Do 18 and when you become famous, someone else will be confused af on 12, 15, or 18.


----------



## German89 (Aug 12, 2019)

I go to 12 then, tell myself. 5 more. Okay G, five more. And then... 5 more!


----------



## snake (Aug 12, 2019)

Get what you're scheduled to get. No more, no less. If all of a sudden you pull a few more reps out of a set compared to last week, you laid up last week and were a pussy.
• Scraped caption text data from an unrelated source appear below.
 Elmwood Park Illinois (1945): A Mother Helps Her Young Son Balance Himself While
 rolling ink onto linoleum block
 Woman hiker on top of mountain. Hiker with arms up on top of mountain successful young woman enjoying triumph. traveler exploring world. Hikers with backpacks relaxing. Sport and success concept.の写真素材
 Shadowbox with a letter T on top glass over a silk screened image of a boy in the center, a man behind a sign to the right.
If you get a few less reps this week, you're a pussy.

Don't be a pussy.

5 or 12, I have done okay with both. 5 reps does require some heavy weight and that normally increases the risk of injiry.

Young Snake: 5
Old Snale: 12


----------



## German89 (Aug 12, 2019)

Here is a thought.

2 sets of 12
2 sets of 5
1 or 2 sets of 20


----------



## Viduus (Aug 12, 2019)

German89 said:


> I go to 12 then, tell myself. 5 more. Okay G, five more. And then... 5 more!
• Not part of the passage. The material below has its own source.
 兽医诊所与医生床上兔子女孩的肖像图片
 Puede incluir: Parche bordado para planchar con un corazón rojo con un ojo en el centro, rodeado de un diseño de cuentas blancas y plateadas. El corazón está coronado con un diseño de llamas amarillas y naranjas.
I knew Germans were smart! I was mostly joking but I actually like this thought process 

Though snake might have trump’d them all. Now all I’ll hear is:

”Don’t be a pussy”


----------



## TODAY (Aug 12, 2019)

Are you familiar with the RPE scale?

https://barbend.com/how-to-use-rpe-scale-strength-training/


----------



## Viduus (Aug 12, 2019)

TODAY said:


> Are you familiar with the RPE scale?
> 
> https://barbend.com/how-to-use-rpe-scale-strength-training/




Yes. Curious where you’re going with it though.

Sadly I think almost everyone missed the silly humor in my question.
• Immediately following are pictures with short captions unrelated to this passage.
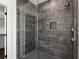 Modern shower with dark gray tile, glass enclosure, and sleek fixtures, creating a luxurious bathing experience at 262 Green Hill Ne Rd, Sandy Springs, GA 30342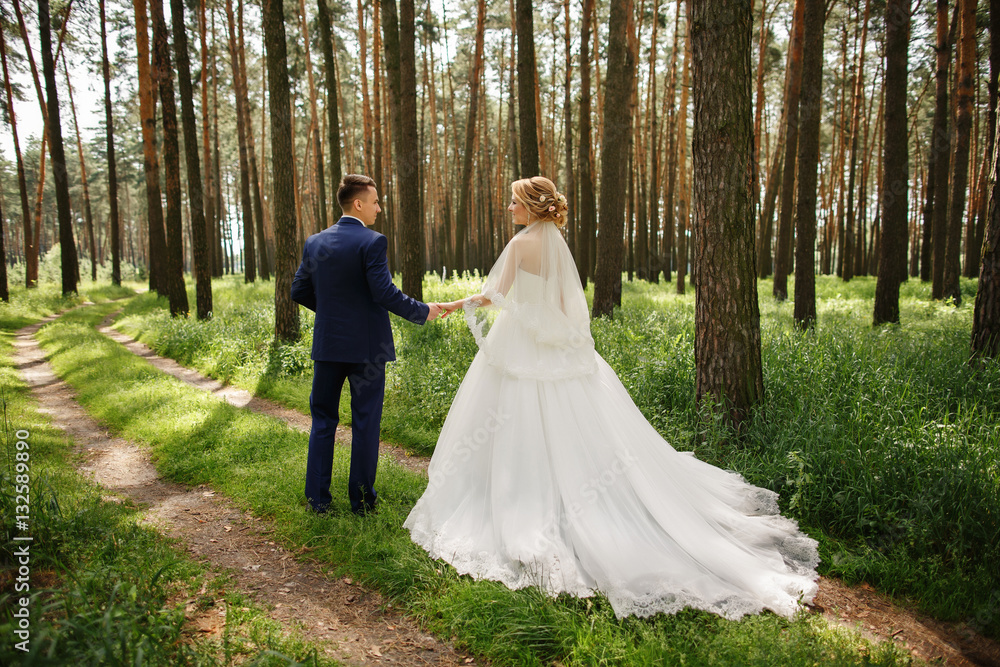 Weeding couple walking in the forest after wedding ceremony Weeding couple walking in the forest after wedding ceremony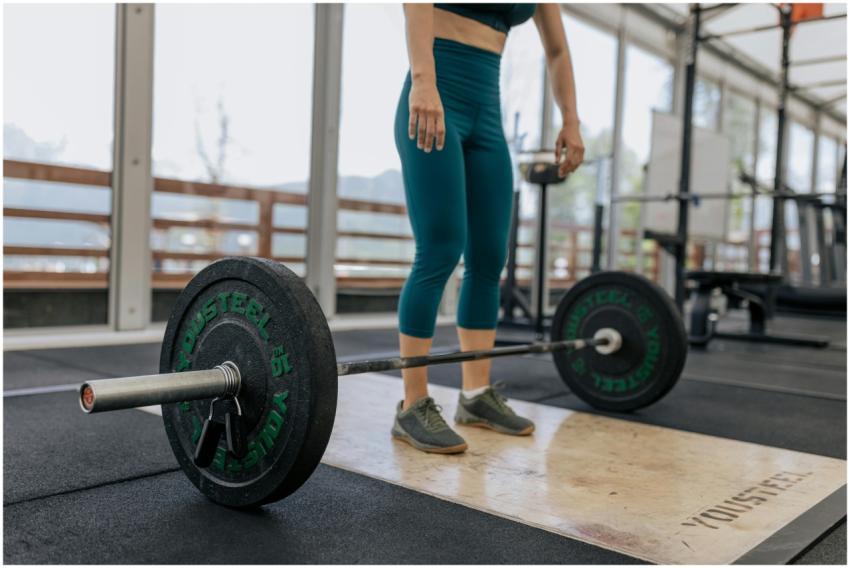 Female athlete preparing to lift a heavy barbell i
Just trying to keep things light and interesting for myself and anyone else who has fun overthinking everything.

(Hence the right forum. No touch Spongy!)


----------



## German89 (Aug 12, 2019)

Just so you are aware. I knew it was a joke. I too get conflicted but... I do a set or two with 12 and do tell myself 5 more.  So. It's just how you feel like training that day. And, your overall goal at the moment


----------



## motown1002 (Aug 12, 2019)

I have the same issue.  5 -12 - 17 - 20?  What rep range.  lol  What I do now, which seems to be effective for me is that I take my first exercise and go heavy with 5 sets of 5.  After that, all sets are to 12.  Im not as old as snake so I don't have the joint issue, oh wait, yes I am and yes I do.  But I remember his words "Don't be a pussy!"  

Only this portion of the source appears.